Directions for this task: Every line of the data below is to be given again as it appears, with the images removed.

Supplied material:
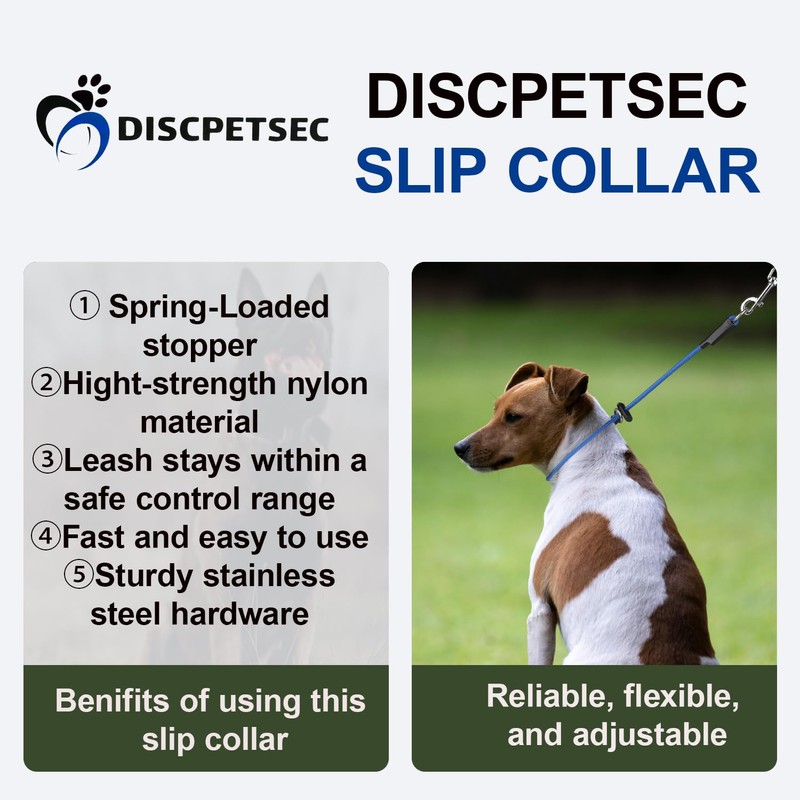 Slip Collar for Small & Medium Dogs, 1/4" Nylon Rope
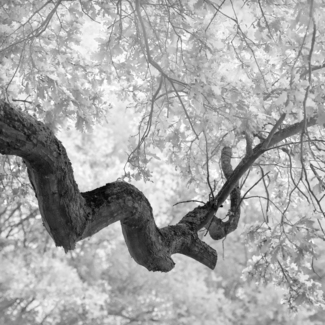 Oak
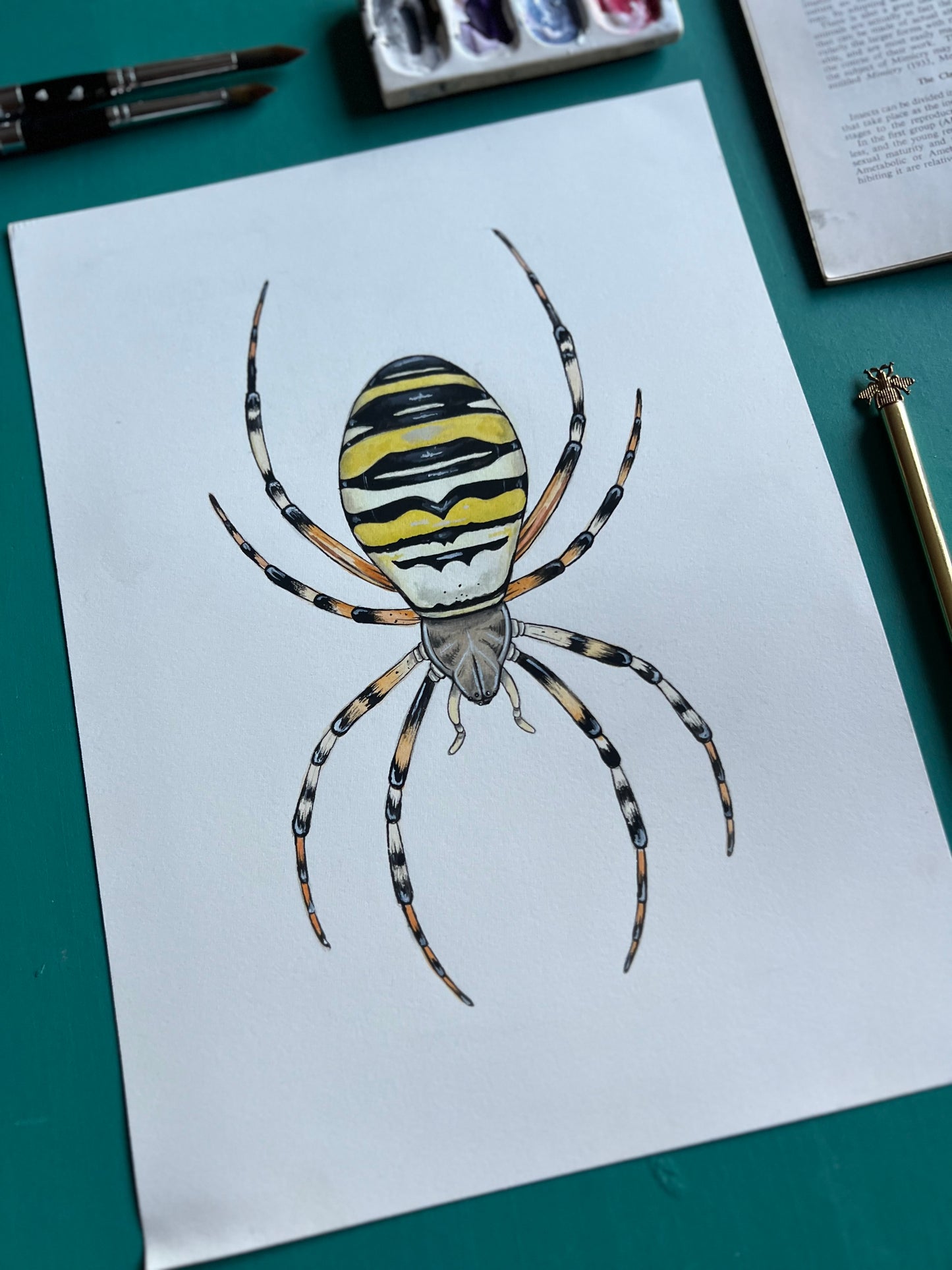 Wasp Spider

Solved exercise:
 Slip Collar for Small & Medium Dogs, 1/4" Nylon Rope
 Oak
 Wasp Spider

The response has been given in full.